Pinterest’s Creator Rewards scheme provided a means for creators to make money by creating themed Idea Pins, based on monthly prompts provided by Pinterest.
That enabled Pinterest to both encourage Idea Pin activity, and guide those Pins towards more engaging elements – but now, it’s moving on from the project.
As reported by The Information:
“After the program’s conclusion on Wednesday, [Pinterest] will pay a one-time bonus to creators in the program who participated in at least one reward goal in August, September or October, a Pinterest spokesperson said. The company declined to share how much it was giving away in bonuses or how many people were part of the creator rewards program.”
Various social platforms have offered similar incentive schemes, with varying levels of success, but for the most part, they’ve eventually become unsustainable. Which, in some ways, is expected. Direct payments from the platforms are ideally designed help to guide creators into other monetization avenues, and are not geared towards building reliance on those payments themselves.
Snapchat has experienced similar issues with its Spotlight program, which is also now more aligned to specific thematic targets, while TikTok’s still working on the best way to ensure its top stars continue to get paid.
It is worth noting that this is separate from Pinterest’s $500k Creator Fund, which is another program designed to encourage creators to keep posting to the app.
The Creator Fund is specifically aimed at supporting Creators and communities ‘that have been disproportionately underrepresented’, and that program will continue on at this stage.
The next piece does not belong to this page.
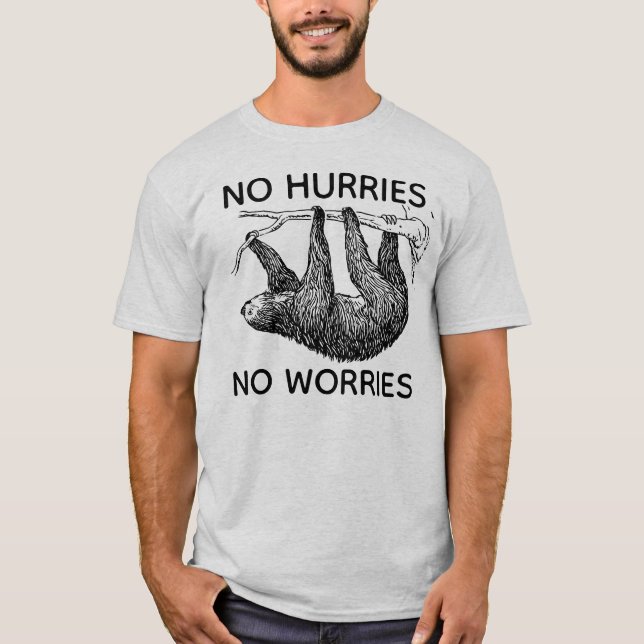 No Hurries No Worries Sloth Funny T-Shirt (Front)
Cracking the code of creator funding is complex, especially in content formats that don’t support insertion of ads, where you can directly attribute revenue based on views. No platform has got this 100% right as yet, but more options are evolving, which could provide more avenues for sustainable creator funding in future.
But evidently, Pinterest found that this one wasn’t it. The program will shutter on Wednesday this week.